To do:
Your job is to return the whole listing unchanged while skipping its images.

▼▼▼

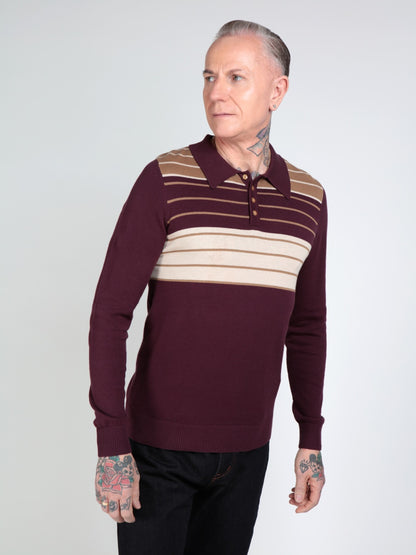 Jo Striped Polo Jumper Burgundy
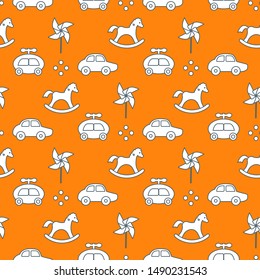 Vector seamless pattern with kids toys. Pinwheel, rocking horse, cars. Children background. Design for wrapping, fabric, print.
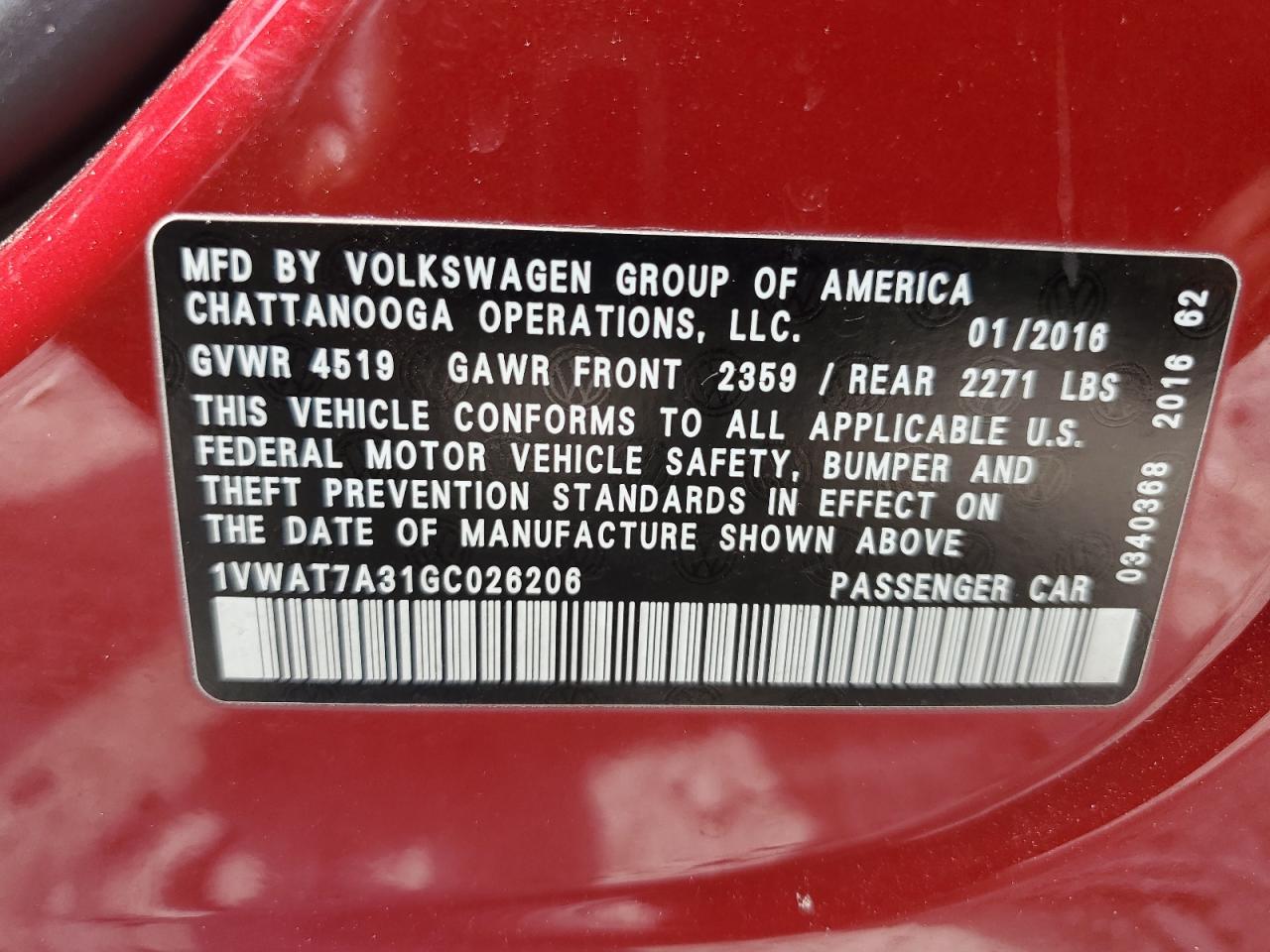 2016 Volkswagen Passat S VIN: 1VWAT7A31GC026206 Lot: 62956685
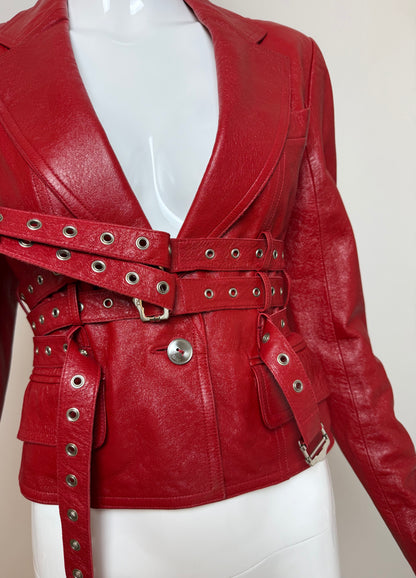 DIOR by JOHN GALLIANO 2003 Vintage Hardcore Red Leather Bondage Blazer Jacket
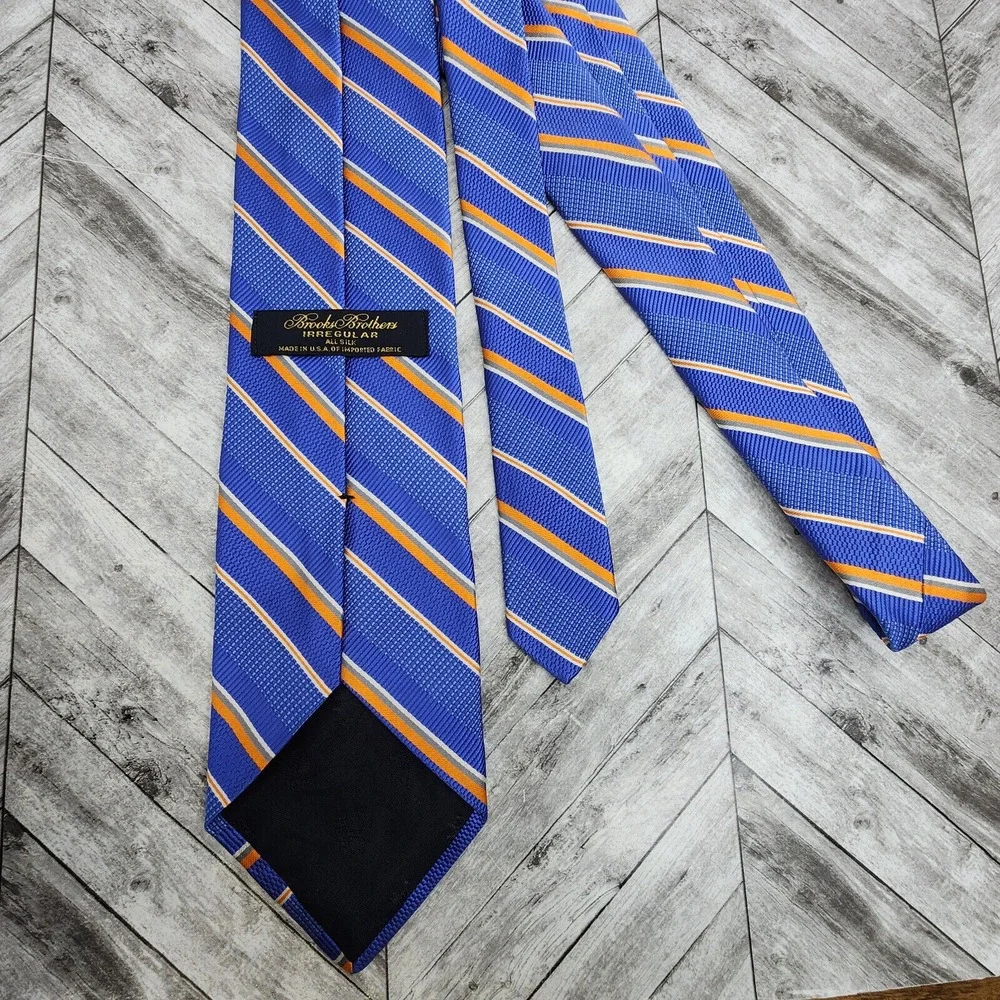 Brooks Brothers Irregular Silk Necktie Blue Orange‎ Striped Woven Men's Tie USA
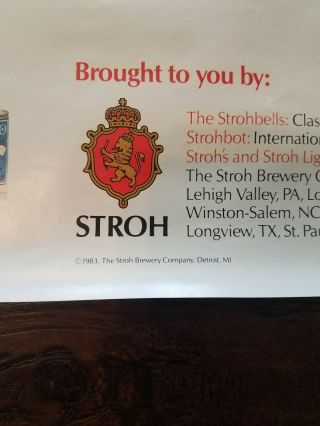 1983 Stroh Beer Srohbot & The Strohbella ' s Poster Bar Sign 24 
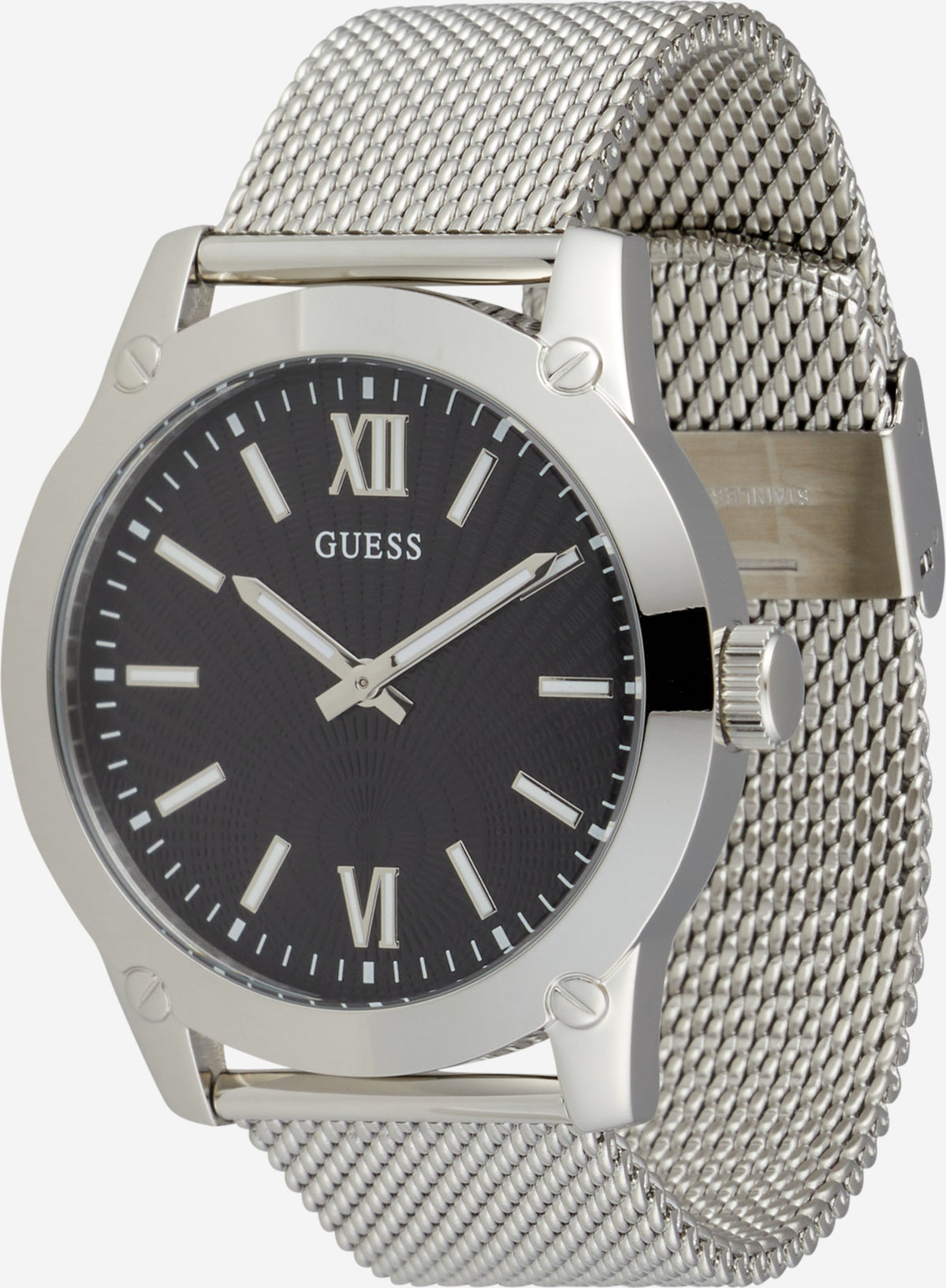 Guess Analog Black Dial Silver Mesh Bracelet Watch for Men - W1263G1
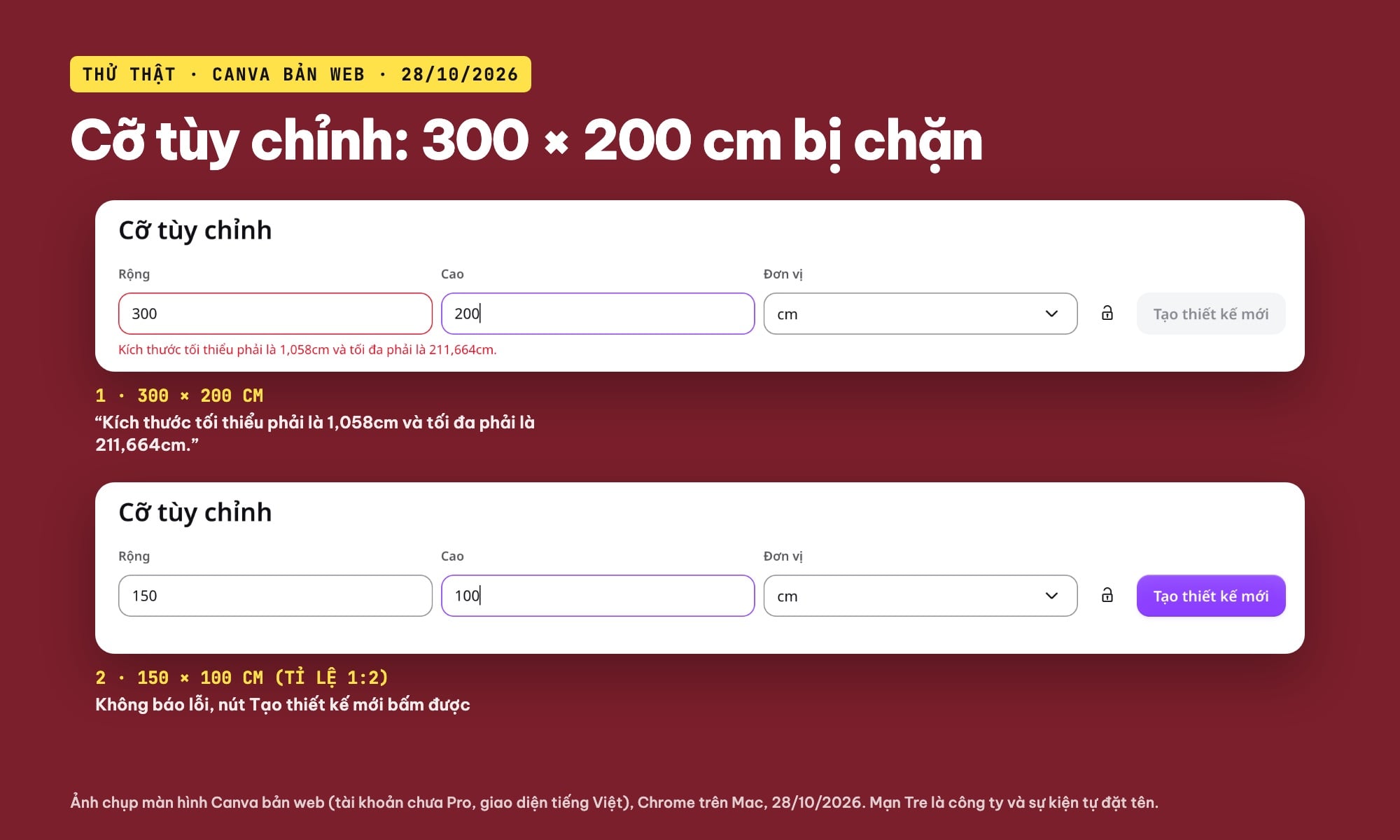 Giới hạn kích thước tùy chỉnh khi thiết kế backdrop trên Canva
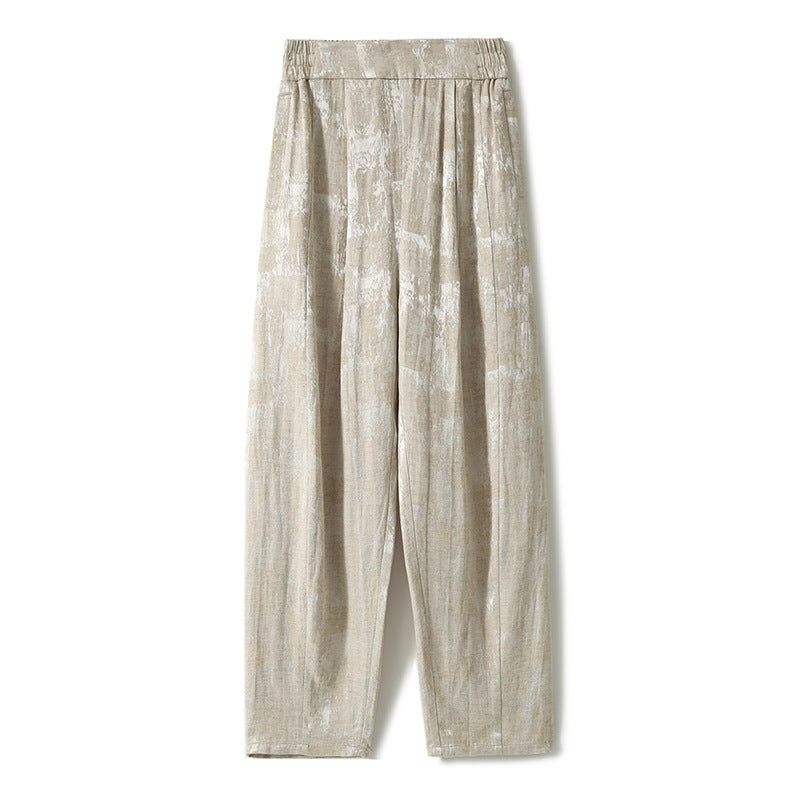 2025 Linen jacquard national style pants, new Chinese silk nine-point pants, high-end casual pants women's radish pants summer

▲▲▲

Solution:
 Jo Striped Polo Jumper Burgundy
 Vector seamless pattern with kids toys. Pinwheel, rocking horse, cars. Children background. Design for wrapping, fabric, print.
 2016 Volkswagen Passat S VIN: 1VWAT7A31GC026206 Lot: 62956685
 DIOR by JOHN GALLIANO 2003 Vintage Hardcore Red Leather Bondage Blazer Jacket
 Brooks Brothers Irregular Silk Necktie Blue Orange‎ Striped Woven Men's Tie USA
 1983 Stroh Beer Srohbot & The Strohbella ' s Poster Bar Sign 24 
 Guess Analog Black Dial Silver Mesh Bracelet Watch for Men - W1263G1
 Giới hạn kích thước tùy chỉnh khi thiết kế backdrop trên Canva
 2025 Linen jacquard national style pants, new Chinese silk nine-point pants, high-end casual pants women's radish pants summer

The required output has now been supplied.